Даша покачала головой. Ей было жаль государя, ей было жаль Стельку. А кто пожалеет ее? Разве что тот единственный человек, с которым ей осталось встретиться напоследок, но именно жалости его ей не нужно. Уж он-то никогда, ни за что не должен узнать, что с ней сделали!
«Нам хлебушка не надо, мы друг друга едим», — вспомнились вдруг слова князя Алексея Григорьевича, оброненные вскользь, и только сейчас Даша осмыслила то выражение самодовольства, которое прозвучало в этих пугающих словах. А ведь князь говорил о тех нравах, которые воцарились среди многочисленных Долгоруких, объединенных узами родства, но разделенных взаимной неутихающей завистью, тихой ненавистью друг к другу, неуемным желанием причинить родичу любой, какой возможно, вред — и наслаждаться этим, словно пережевывая лакомый кусок.
«А ведь им отольются мои слезы и обман государев! — подумала Даша со спокойной, вещей уверенностью — без злобы, даже с печалью. — Вспомянется всем и каждому! Солоно придется — может, еще солоней, чем даже мне!»

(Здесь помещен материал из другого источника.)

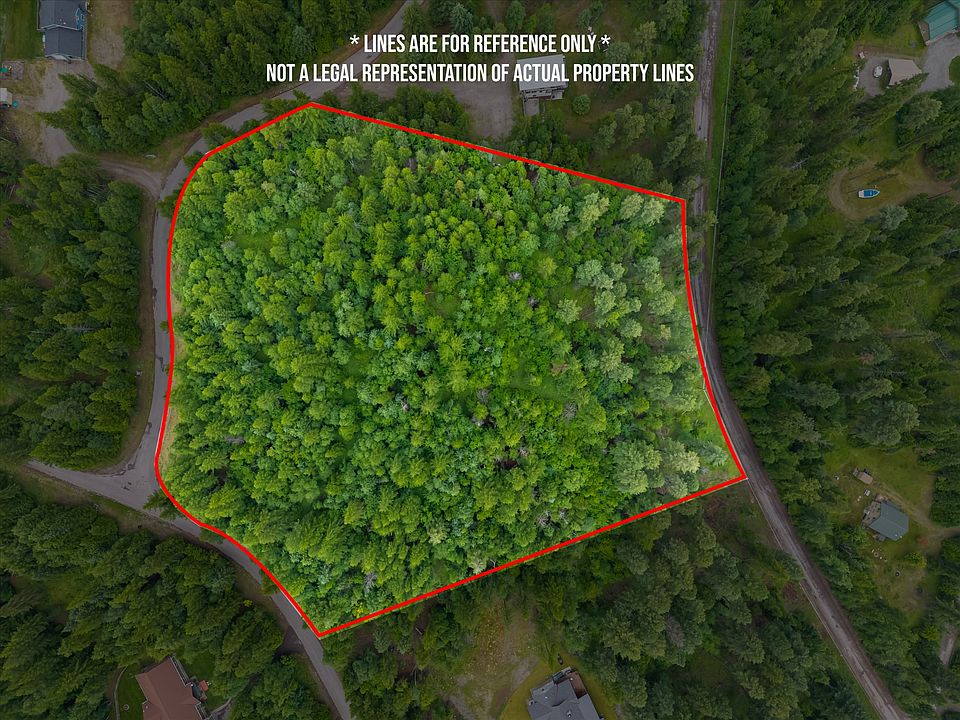 1st image of 13727 Big Hawk Dr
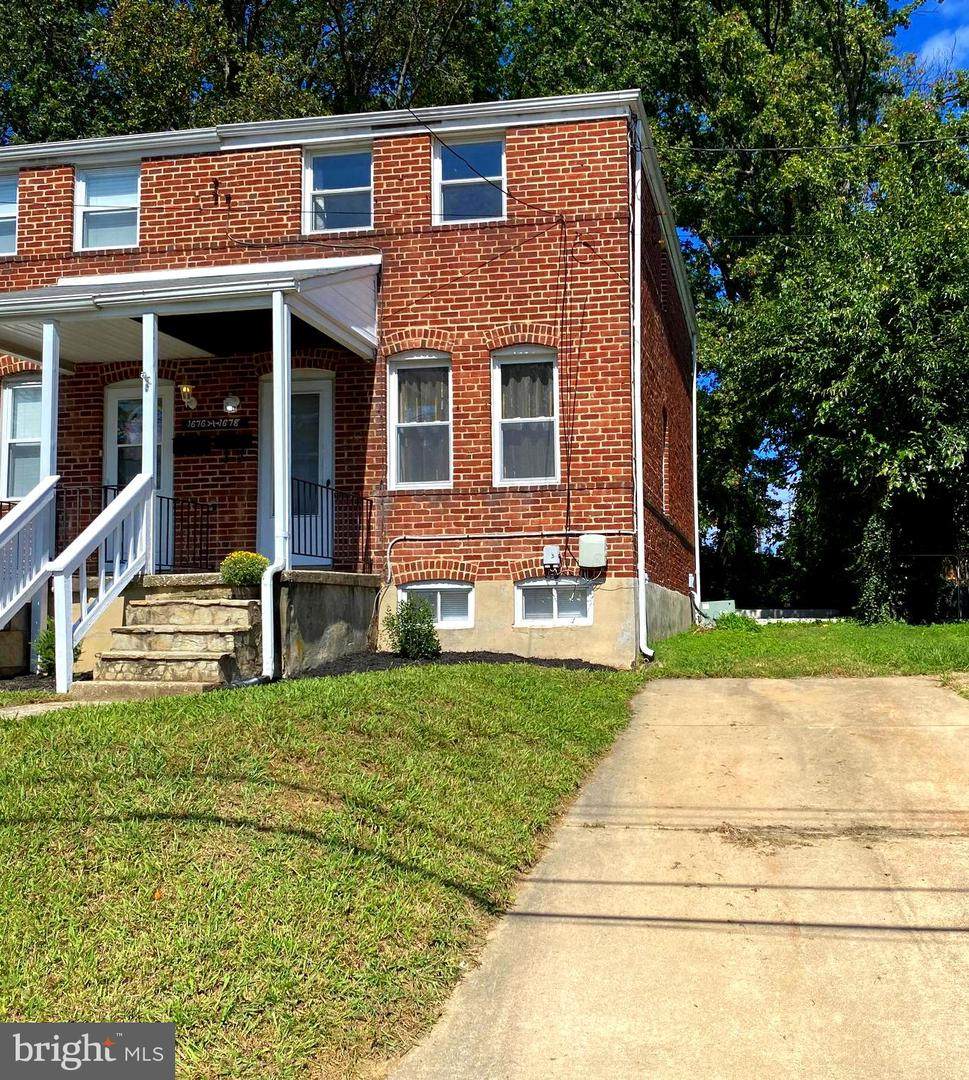 1678 Yakona Road - Photo 1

Еще солоней? Да возможно ли такое?..
Она насторожилась, увидав, что стражник начал отпирать ворота, и услышав стук колес. Из ворот испанского посольства выезжала карета с занавешенными окнами. На миг тревога сжала Дашино сердце — а вдруг Алекс в этой карете уезжает куда-то? — но тотчас почувствовала, что нет — его там нету. Она пригнулась, чтобы не было видно седокам, буде кто решит выглянуть из-за шелковых черных занавесей, и под прикрытием кареты проскользнула в ворота. Со всех ног, оскальзываясь на брусчатке, бросилась к дверям здания, стоявшего чуть в глубине просторного двора, каждое мгновение ожидая грубого окрика, однако, похоже, никто не заметил ее появления. Теперь оставалось только войти в дом. Что ждет ее там? Привратник вышвырнет с порога? Или дозволит увидеть того, к кому она так самозабвенно прорывалась?
«Господи, хоть ты и отвратил от меня взор твой и руку твою, помоги сейчас! Господи, помоги!» — всей душой взмолилась Даша и потянула на себя тяжелую дверь. Никого.
Скользнула в просторные сени, пол которых был не деревянный, как во всех домах, а мощенный плитами, словно двор. Даша замерла, оглядывая высокий потолок, просторную лестницу с перилами, темные картины, повешенные в простенках. Вокруг царил полумрак, было холодно, почти как на улице. Она шмыгнула носом — и вдруг с ужасом обнаружила, что с ее намокшего платья течет, что вокруг уже образовалась маленькая лужица. Мало что украдкой пробралась в чужой дом, так еще и грязищу тут развела! Нечего стоять, надо поскорее сделать то, зачем пришла, а потом...
Даша постаралась отогнать от себя мысли о том, что же она будет делать потом, и, подхватив юбки, кинулась вверх по лестнице. Взбежала на другой этаж — и растерялась. Просторная роскошная зала, а кругом нее — множество дверей. В какую же войти?
Издалека послышались быстрые, решительные шаги. Привратник? Слуги? Сам господин испанский посол?!
Нет, нельзя, чтобы ее увидели!
Перепуганная Даша рванула первую попавшуюся дверь. — И не поверила своим глазам, увидев тихую игру пламени в камине. Безотчетно потянулась к огню, сделала несколько шагов — и вздрогнула, почувствовав, что не одна в комнате.